Sur l'une des chaînes plus de programme, 2h15, de la neige, comme on dit, je jette un coup d'œil vers la fenêtre du salon pour vérifier instinctivement le temps dehors, je ne risque pas de sortir avec un temps pareil, il pleut des cordes, et pourquoi sortirai-je ?

Ils ont fini par te mettre dehors ? s’inquiète Eva,

Ils n’ont pas réussi non, je pars, déclare sa mère, j’ai décidé de m’en aller,

Et pourquoi maintenant, tu étais si près de réussir ? s’étonne Eva,

Justement, ce n’est plus drôle, dit-elle, mais dis-moi tu as l’air de regretter ma décision ?

Ce n’est pas cela maman, répond la jeune femme, mais je suis étonnée voilà tout, Tu semblais si décidée jusqu’à présent, si attachée à l’appartement, j’avais l’impression que rien ne parviendrait plus à t’en éloigner,

Tu avais raison Eva, mais c’est différent aujourd’hui,

Qu’est-ce qui a changé ? lui demande sa fille,

Je vais vivre dans le Sud de la France avec l’homme que j’aime, poursuivit-elle,

J’ai rencontré quelqu’un, répond sa mère,

Je relis l'article, je l'ai découpé dans le journal, c'est Eva qui me l'a acheté, le Monde, je n'ai pas l'habitude d'acheter ce journal, je ne lis pas ce journal d'habitude, le Parisien parfois, je le trouve sur le zinc du café, ou France Soir et Paris Match chez mon kiné,

Je lis : “On ne connaissait jusqu'ici que deux manières de moderniser le parc des logements sociaux, soit réhabiliter les immeubles, sans déplacer les locataires, soit vider les tours avant de les faire sauter, les détruire complètement puis les reconstruire sur le terrain ainsi dégagé, ”

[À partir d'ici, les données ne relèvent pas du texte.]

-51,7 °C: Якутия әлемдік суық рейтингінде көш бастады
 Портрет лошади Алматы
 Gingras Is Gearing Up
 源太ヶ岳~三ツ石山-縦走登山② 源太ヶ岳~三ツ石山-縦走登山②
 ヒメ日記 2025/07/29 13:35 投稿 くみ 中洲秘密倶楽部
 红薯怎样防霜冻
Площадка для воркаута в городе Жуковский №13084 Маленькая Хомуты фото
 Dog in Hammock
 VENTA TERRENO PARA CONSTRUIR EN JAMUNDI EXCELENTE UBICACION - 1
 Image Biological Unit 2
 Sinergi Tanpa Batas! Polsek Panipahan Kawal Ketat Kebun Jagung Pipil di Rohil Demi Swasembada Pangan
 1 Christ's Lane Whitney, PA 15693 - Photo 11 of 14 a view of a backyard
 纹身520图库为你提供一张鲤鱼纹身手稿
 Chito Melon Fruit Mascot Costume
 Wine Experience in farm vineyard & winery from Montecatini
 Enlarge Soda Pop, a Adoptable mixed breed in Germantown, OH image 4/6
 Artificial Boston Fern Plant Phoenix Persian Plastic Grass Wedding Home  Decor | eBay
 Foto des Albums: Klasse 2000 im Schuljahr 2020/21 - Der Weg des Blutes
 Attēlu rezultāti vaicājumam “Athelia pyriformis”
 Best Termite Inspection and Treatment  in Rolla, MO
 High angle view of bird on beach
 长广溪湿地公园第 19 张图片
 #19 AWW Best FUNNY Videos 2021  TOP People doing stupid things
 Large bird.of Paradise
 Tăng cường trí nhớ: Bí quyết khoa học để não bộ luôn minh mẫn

Depuis le temps l'article a jauni, il est accroché dans ma cuisine, maintenu avec une punaise dorée sur le panneau en liège qui se balance près du frigo,

Je lis :

“Une troisième a été imaginée par l'Office H, L, M, de Paris : la reconstruction in situ avant démolition, ”

Eva n'a pas réussi à mettre la main sur l'article daté du 18 janvier 93, la description de la cité où j'habite depuis vingt ans est sans concession, au Ministère ils parlent toujours de l'îlot Fougère, jamais cité, nous n'avons plus le droit de cité, difficile de réaliser que c’est l'endroit où l'on vit depuis tout ce temps qui est décrit ainsi,

“Quatre barres de béton gris, d'une architecture indigente, ” Je souligne mentalement le mot indigente : “Fissurées, dépourvues d'isolation thermique et phonique, irrécupérables, mais plantées autour d'un espace vert recouvrant le périphérique, ”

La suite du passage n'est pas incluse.